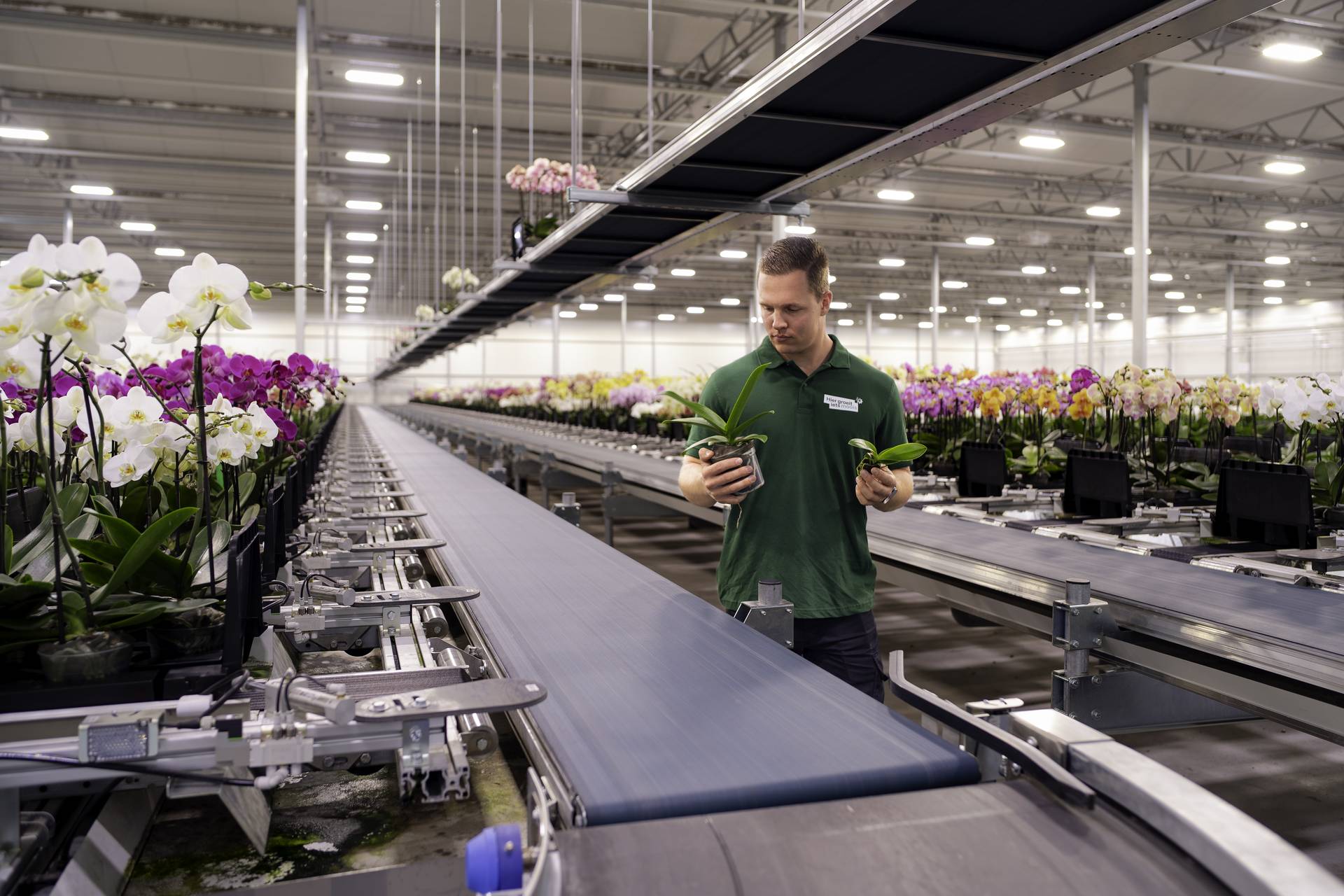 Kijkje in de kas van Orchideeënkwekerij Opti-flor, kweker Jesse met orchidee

---

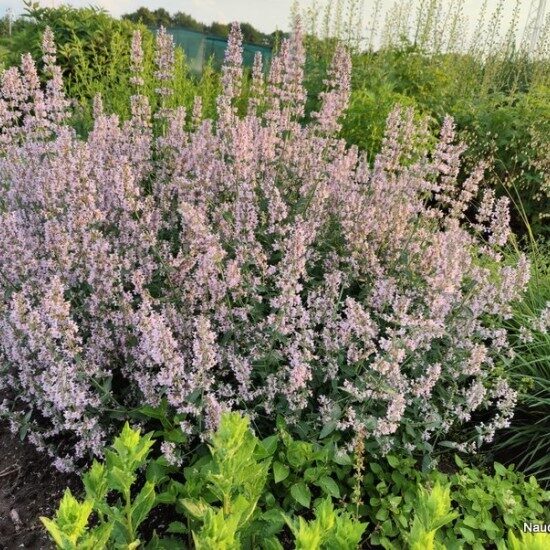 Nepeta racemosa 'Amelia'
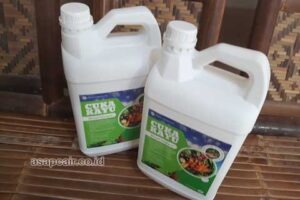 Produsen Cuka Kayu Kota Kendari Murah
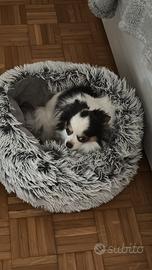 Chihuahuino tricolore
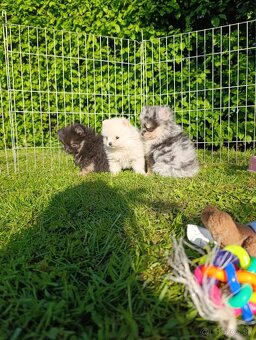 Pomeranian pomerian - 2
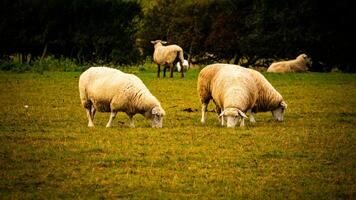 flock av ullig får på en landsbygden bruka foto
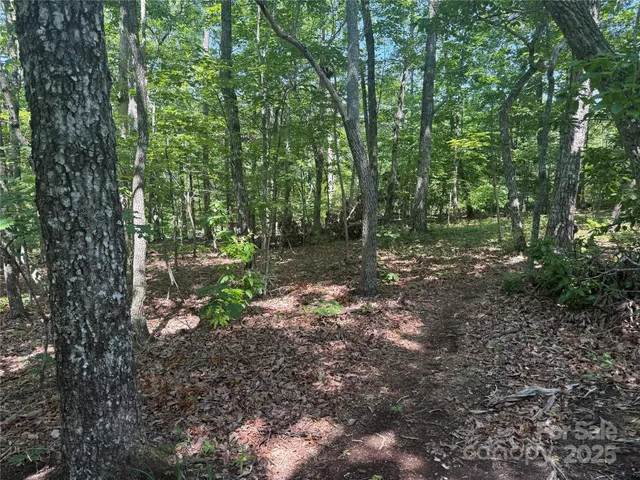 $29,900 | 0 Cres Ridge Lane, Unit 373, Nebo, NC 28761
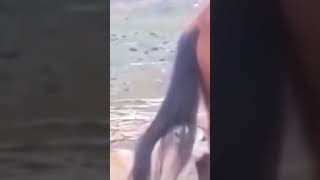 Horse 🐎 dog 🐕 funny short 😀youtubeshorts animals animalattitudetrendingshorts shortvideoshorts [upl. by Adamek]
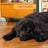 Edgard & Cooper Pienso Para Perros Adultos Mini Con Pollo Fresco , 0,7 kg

---

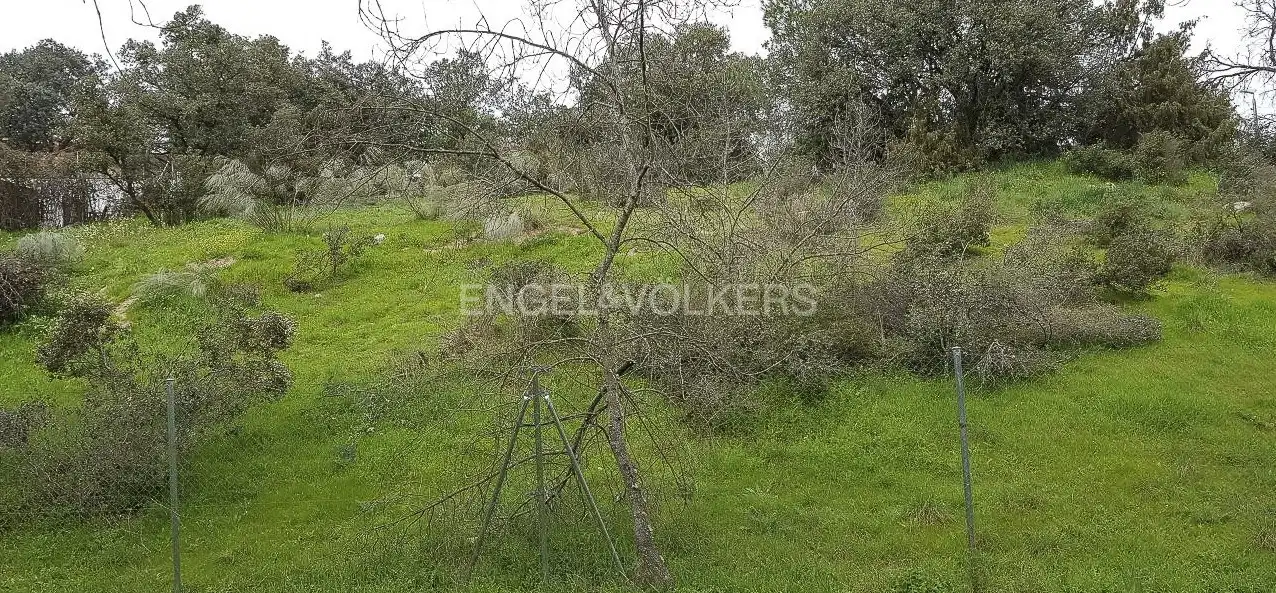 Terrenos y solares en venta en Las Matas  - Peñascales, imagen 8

• **PROBLEM DESCRIPTION**
Only the lines above starting with the line with "flock av ullig" and going on through the line with "Edgard & Cooper" belong in the answer; repeat them exactly, minus any picture.

• **ANSWER TO THIS EXERCISE**
 flock av ullig får på en landsbygden bruka foto
 $29,900 | 0 Cres Ridge Lane, Unit 373, Nebo, NC 28761
 Horse 🐎 dog 🐕 funny short 😀youtubeshorts animals animalattitudetrendingshorts shortvideoshorts [upl. by Adamek]
 Edgard & Cooper Pienso Para Perros Adultos Mini Con Pollo Fresco , 0,7 kg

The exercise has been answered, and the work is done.